Mbujimayi, 15 juillet 2025 – La capitale du Kasaï-Oriental a accueilli ce mardi un forum stratégique dédié à la promotion du leadership féminin dans les instances locales de gouvernance. Organisé par le Réseau des radios associatives et télévisions de proximité du Kasaï-Oriental (RATEPROKA), avec le soutien du Centre Carter et le financement de UKAID, l’événement a réuni une centaine de participantes issues de l’administration publique, de la société civile, des médias et du secteur privé autour du thème : « Femmes leaders : gouvernance inclusive pour un développement durable ».

L’objectif de ce rendez-vous : stimuler l’engagement des femmes dans la gestion des affaires publiques au niveau local et provincial, dans un contexte où leur représentativité demeure encore faible.

Dans son allocution d’ouverture, Lambert Mbuyi Kana, président du conseil d’administration de RATEPROKA, a appelé à une transformation structurelle des dynamiques de pouvoir :

« Les échanges d’aujourd’hui visent à consolider le leadership féminin et à favoriser l’autonomisation financière des femmes et des jeunes. Ce forum est un catalyseur de synergies et un espace pour partager des pratiques inspirantes en vue de renforcer la gouvernance inclusive ».

Des voix fortes pour une gouvernance équitable

Trois figures féminines d’influence ont rythmé les débats de la journée.Placée sous le thème « Démocratie en RDC : bilan, engagements et perspectives », cette initiative s’inscrit dans le cadre d’un programme visant à accroître la transparence et la crédibilité des élections en République Démocratique du Congo.

Gertrude Ndaya, militante féministe et présidente du CEFIDE, a ouvert les travaux en soulignant l’importance des passerelles intergénérationnelles entre femmes. Elle a invité la jeunesse à s’approprier les leçons du passé pour mieux préparer l’avenir :

« C’est dans la transmission des expériences que se forge une gouvernance inclusive durable. Les jeunes femmes doivent puiser dans les parcours de leurs aînées pour construire une relève solide. »

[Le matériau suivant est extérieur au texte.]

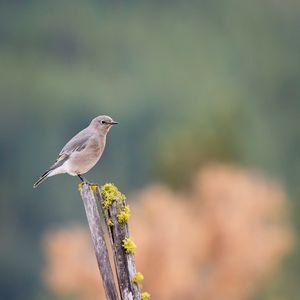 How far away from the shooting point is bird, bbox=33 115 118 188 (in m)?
9.19

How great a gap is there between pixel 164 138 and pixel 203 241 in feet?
20.0

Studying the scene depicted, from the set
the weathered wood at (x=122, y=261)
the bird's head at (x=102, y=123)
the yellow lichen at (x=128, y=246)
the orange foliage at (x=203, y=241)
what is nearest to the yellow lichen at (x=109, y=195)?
the weathered wood at (x=122, y=261)

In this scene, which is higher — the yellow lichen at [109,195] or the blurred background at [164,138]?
the blurred background at [164,138]

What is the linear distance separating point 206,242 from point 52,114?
34.3m

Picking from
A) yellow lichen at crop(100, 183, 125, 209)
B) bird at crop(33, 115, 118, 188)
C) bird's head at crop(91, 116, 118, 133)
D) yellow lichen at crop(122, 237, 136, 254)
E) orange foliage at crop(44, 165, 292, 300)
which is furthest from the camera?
orange foliage at crop(44, 165, 292, 300)

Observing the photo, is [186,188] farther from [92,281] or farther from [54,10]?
[54,10]

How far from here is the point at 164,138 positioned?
92.7ft

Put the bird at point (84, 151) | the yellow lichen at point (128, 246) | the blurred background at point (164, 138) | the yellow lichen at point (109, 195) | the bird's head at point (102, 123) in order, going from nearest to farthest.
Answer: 1. the yellow lichen at point (128, 246)
2. the yellow lichen at point (109, 195)
3. the bird at point (84, 151)
4. the bird's head at point (102, 123)
5. the blurred background at point (164, 138)

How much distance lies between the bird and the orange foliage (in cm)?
1186

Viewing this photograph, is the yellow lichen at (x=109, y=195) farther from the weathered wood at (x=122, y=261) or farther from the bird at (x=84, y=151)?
the bird at (x=84, y=151)

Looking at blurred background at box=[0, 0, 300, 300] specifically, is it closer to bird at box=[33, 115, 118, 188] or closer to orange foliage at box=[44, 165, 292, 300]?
orange foliage at box=[44, 165, 292, 300]

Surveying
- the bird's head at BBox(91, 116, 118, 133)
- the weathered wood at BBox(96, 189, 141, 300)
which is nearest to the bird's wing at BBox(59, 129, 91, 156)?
the bird's head at BBox(91, 116, 118, 133)

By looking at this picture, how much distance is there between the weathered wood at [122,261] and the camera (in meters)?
7.64

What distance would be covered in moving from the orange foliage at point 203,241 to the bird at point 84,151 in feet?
38.9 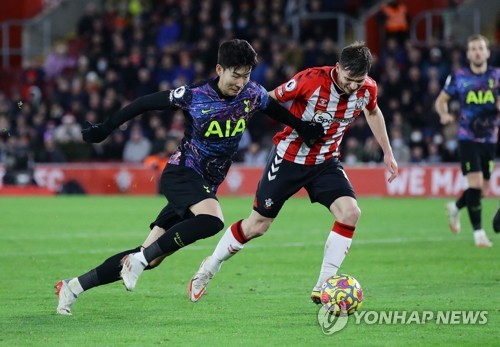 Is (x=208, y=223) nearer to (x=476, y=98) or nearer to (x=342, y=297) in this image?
(x=342, y=297)

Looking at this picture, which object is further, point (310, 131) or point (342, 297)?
point (310, 131)

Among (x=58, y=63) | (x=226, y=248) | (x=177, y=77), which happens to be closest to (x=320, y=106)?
(x=226, y=248)

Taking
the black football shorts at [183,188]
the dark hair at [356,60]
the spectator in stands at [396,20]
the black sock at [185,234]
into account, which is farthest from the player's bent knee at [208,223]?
the spectator in stands at [396,20]

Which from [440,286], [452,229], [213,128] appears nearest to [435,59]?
[452,229]

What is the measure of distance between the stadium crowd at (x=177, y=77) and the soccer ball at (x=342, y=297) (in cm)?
1489

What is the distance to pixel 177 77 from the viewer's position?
25.8 m

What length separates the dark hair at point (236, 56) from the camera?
26.3 feet

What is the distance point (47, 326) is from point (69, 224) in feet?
30.4

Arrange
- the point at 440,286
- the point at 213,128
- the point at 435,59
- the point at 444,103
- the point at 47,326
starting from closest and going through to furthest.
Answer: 1. the point at 47,326
2. the point at 213,128
3. the point at 440,286
4. the point at 444,103
5. the point at 435,59

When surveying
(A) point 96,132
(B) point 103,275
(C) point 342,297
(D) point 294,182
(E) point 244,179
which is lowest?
(E) point 244,179

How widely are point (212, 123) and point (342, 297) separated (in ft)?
5.34

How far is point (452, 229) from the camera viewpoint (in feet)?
48.4

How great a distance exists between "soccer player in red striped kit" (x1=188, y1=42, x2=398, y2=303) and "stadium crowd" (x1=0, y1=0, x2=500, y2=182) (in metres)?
13.9

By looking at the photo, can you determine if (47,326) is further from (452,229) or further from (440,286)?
(452,229) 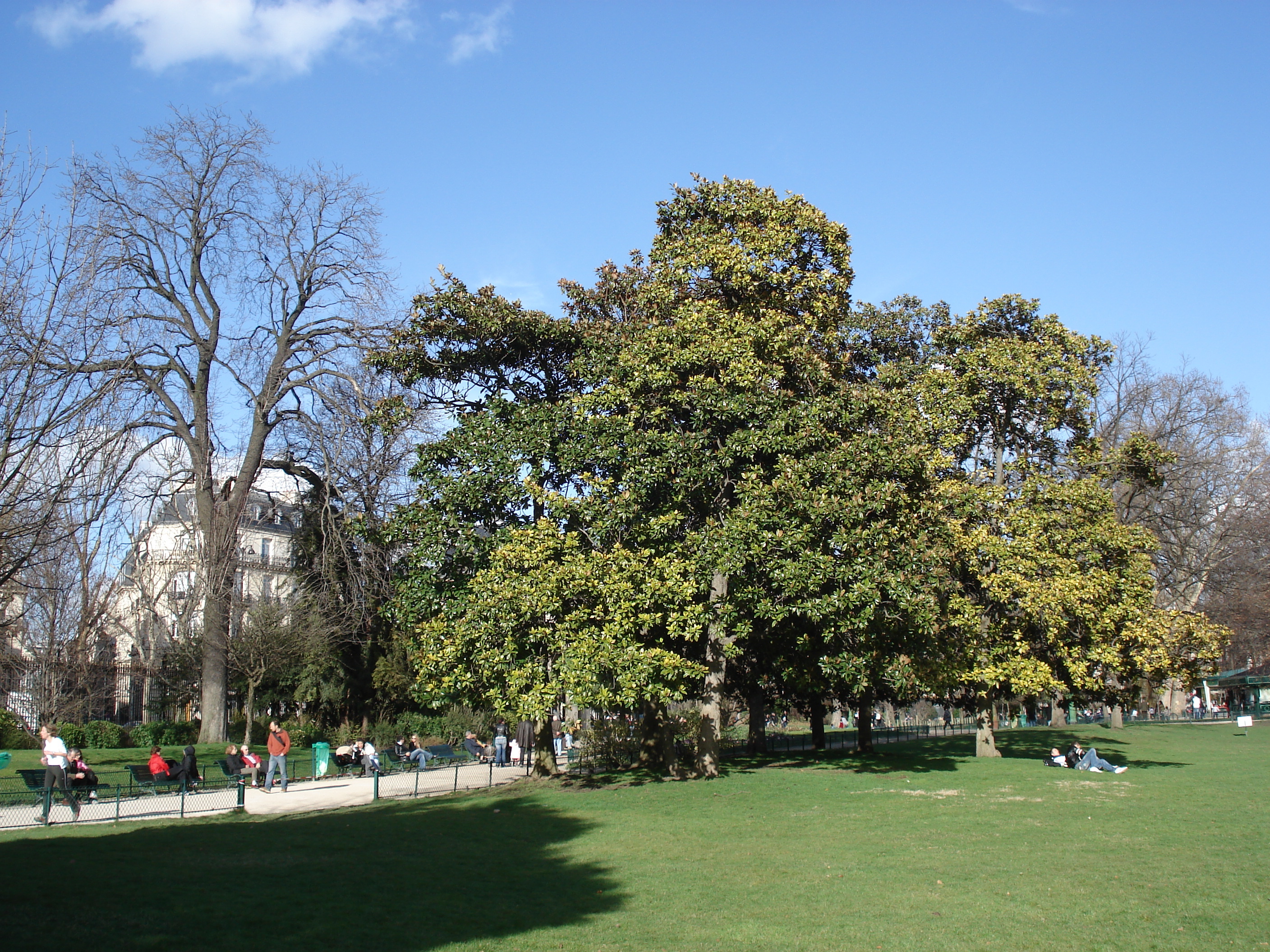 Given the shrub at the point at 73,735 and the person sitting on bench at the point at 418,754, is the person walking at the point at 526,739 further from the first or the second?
the shrub at the point at 73,735

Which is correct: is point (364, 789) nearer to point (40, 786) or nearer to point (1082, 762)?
point (40, 786)

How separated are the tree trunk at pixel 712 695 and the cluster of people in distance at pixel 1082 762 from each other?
377 inches

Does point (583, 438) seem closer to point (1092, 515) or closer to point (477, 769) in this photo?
point (477, 769)

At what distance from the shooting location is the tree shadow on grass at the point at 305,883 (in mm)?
8305

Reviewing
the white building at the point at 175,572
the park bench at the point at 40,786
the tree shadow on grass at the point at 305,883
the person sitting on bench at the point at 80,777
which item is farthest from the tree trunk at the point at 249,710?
the tree shadow on grass at the point at 305,883

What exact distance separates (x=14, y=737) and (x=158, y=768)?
15223 millimetres

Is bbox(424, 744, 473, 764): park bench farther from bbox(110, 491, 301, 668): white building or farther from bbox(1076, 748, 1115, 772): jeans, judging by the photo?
bbox(1076, 748, 1115, 772): jeans

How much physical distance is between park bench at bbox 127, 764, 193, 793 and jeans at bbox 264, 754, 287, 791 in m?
1.67

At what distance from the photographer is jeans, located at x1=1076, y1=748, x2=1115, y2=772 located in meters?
23.8

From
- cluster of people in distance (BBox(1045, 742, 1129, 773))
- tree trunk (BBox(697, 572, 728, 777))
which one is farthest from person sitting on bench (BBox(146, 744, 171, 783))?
cluster of people in distance (BBox(1045, 742, 1129, 773))

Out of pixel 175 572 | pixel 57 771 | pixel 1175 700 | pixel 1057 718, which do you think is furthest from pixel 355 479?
pixel 1175 700

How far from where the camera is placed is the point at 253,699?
117 feet

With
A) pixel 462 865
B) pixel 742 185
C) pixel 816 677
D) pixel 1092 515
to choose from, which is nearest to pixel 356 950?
pixel 462 865

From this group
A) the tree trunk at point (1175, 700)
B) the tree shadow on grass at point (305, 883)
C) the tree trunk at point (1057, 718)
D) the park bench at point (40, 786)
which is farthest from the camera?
the tree trunk at point (1175, 700) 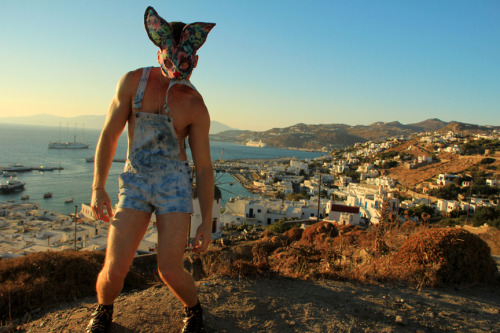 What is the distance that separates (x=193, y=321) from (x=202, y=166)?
1.03 meters

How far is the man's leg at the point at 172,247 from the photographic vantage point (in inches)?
78.4

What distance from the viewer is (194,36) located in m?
2.12

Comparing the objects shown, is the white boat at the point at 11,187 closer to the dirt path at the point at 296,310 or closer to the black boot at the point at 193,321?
the dirt path at the point at 296,310

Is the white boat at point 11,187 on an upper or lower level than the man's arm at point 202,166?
lower

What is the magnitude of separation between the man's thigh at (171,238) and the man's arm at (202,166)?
18cm

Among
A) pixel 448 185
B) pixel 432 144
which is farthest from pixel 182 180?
pixel 432 144

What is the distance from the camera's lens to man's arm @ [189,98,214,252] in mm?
2207

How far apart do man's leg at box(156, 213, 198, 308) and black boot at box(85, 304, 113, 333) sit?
50 cm

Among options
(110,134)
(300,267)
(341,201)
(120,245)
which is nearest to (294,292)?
(300,267)

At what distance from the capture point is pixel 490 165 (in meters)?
42.3

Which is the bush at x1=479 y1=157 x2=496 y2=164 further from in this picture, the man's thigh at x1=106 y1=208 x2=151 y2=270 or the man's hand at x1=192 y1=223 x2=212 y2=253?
the man's thigh at x1=106 y1=208 x2=151 y2=270

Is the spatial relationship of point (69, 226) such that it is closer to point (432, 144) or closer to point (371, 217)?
point (371, 217)

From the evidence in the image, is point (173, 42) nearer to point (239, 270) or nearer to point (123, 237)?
point (123, 237)

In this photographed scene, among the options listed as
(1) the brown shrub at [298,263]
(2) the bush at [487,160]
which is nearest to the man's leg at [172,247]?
(1) the brown shrub at [298,263] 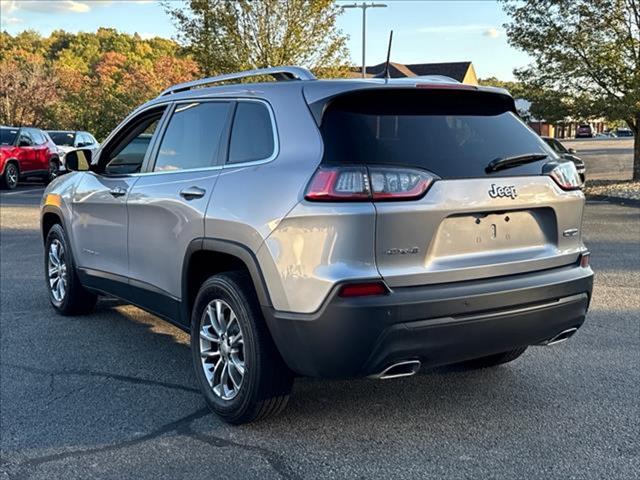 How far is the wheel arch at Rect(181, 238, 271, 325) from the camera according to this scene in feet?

La députée provinciale Eugénie Tshilanda a ensuite pris la parole pour déconstruire les stéréotypes liés à l’image de la femme en politique. Son message était clair :

« La femme ne doit ni craindre de prendre la parole, ni reculer face aux postes de décision. Elle a toute sa place dans la vie publique et doit l’occuper avec assurance. »

Enfin, Esther Ndalafina, journaliste et entrepreneure, a partagé son parcours et ses conseils pour faire du réseautage un levier d’autonomisation économique. Elle a insisté sur la nécessité pour les femmes de tisser des alliances et d’investir dans des activités génératrices de revenus.

Une dynamique de changement portée par les femmes

Les échanges se sont poursuivis en ateliers interactifs, donnant lieu à des recommandations concrètes et à la rédaction d’un projet de note de plaidoyer. Pour Dorothée Kangolongo, jeune assistante à l’Université Officielle de Mbujimayi, ce forum a été une source d’inspiration :

« J’ai été profondément touchée par les témoignages sur l’entrepreneuriat féminin. Une femme, qu’elle ait fait des études ou non, ne doit pas rester inactive. Elle doit entreprendre et contribuer activement à la société. »

Au terme de cette journée, les participantes ont exprimé leur volonté de transformer les réflexions en actions concrètes, afin que la femme passe du rôle de spectatrice à celui d’actrice clé du développement local.